Sago from Metroxylon palms is nearly pure carbohydrate and has very little protein, vitamins, or minerals. 100 grams of dry sago typically comprises 94 grams of carbohydrate, 0.2 grams of protein, 0.5 grams of dietary fiber, 10 mg of calcium, 1.2 mg of iron and negligible amounts of fat, carotene, thiamine and ascorbic acid and yields approximately 355 calories. Sago palms are typically found in areas unsuited for other forms of agriculture, so sago cultivation is often the most ecologically appropriate form of land-use and the nutritional deficiencies of the food can often be compensated for with other readily available foods.
A sago pancake
Sago starch can be baked (resulting in a product analogous to bread, pancake, or biscuit) or mixed with boiling water to form a paste. It is a main staple of many traditional communities in New Guinea and Maluku in the form of papeda, Borneo, South Sulawesi (most known in Luwu Regency) and Sumatra. In Palembang, sago is one of the ingredients to make pempek.

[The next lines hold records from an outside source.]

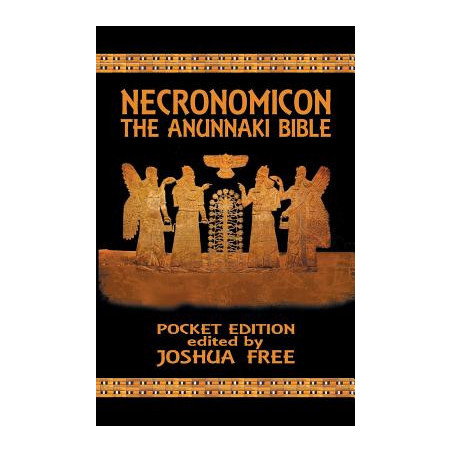 Necronomicon: The Anunnaki Bible (Pocket Edition)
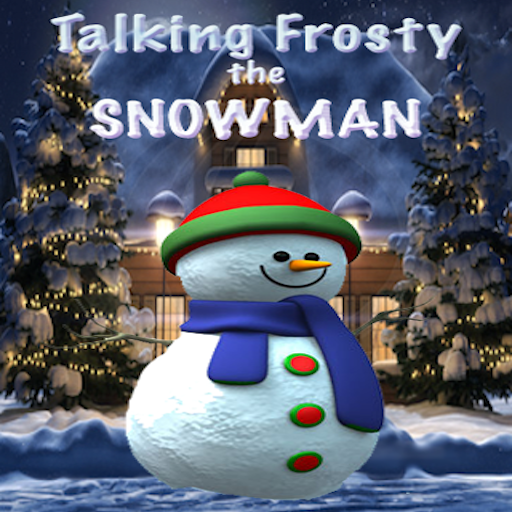 Talking Frosty the Snowman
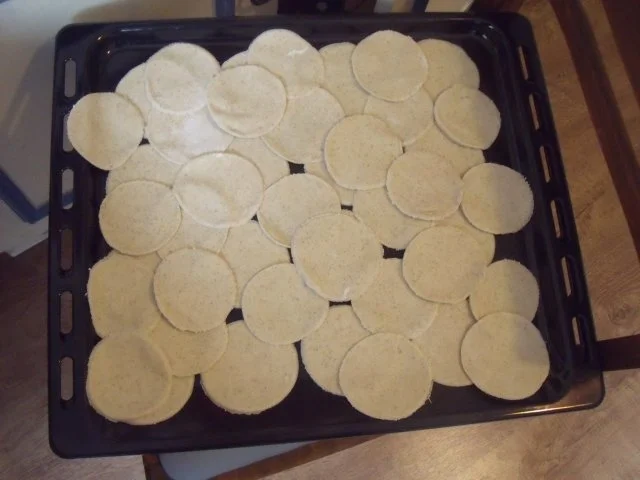 Festliche Piroggen - Rezept - Bild Nr. 4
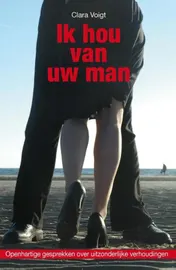 Omslag van Ik hou van uw man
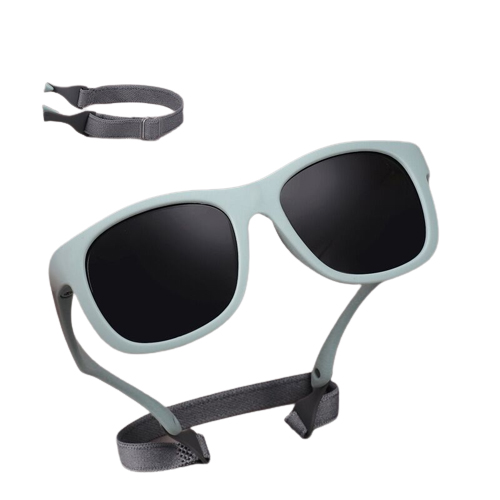 Lunettes de soleil pour bébés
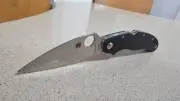spyderco caly 3.5 zdp-189 c144cfpe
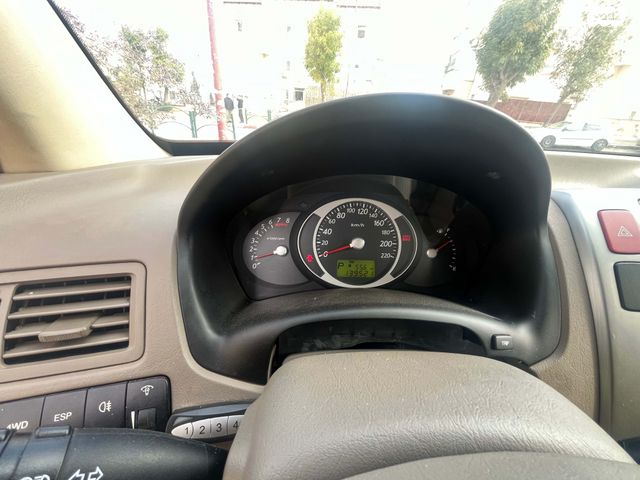 מודעת רכב יונדאי טוסון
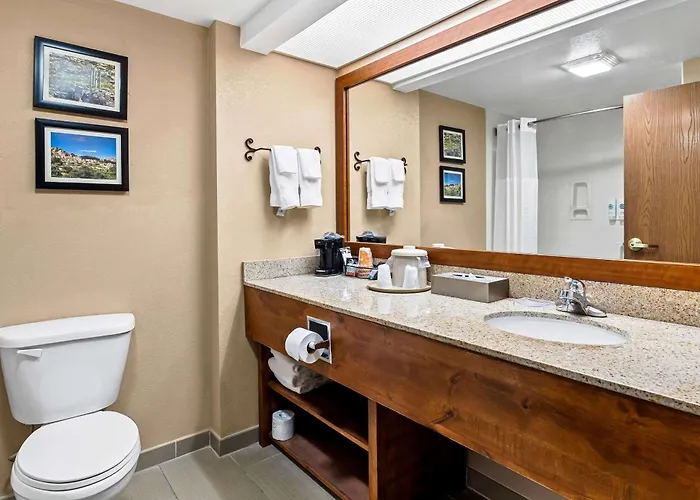 Comfort Near Kartchner Caverns 5* Benson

In Brunei, it is used for making the popular local cuisine called the ambuyat. It is also used commercially in making noodles and white bread. Sago starch can also be used as a thickener for other dishes. It can be made into steamed puddings such as sago plum pudding.
In Malaysia, the traditional food "keropok lekor" (fish cracker) uses sago as one of its main ingredients. In the making of the popular keropok lekor of Losong in Kuala Terengganu, each kilogram of fish meat is mixed with half a kilogram of fine sago, with a little salt added for flavour. Tons of raw sago are imported each year into Malaysia to support the keropok lekor industry.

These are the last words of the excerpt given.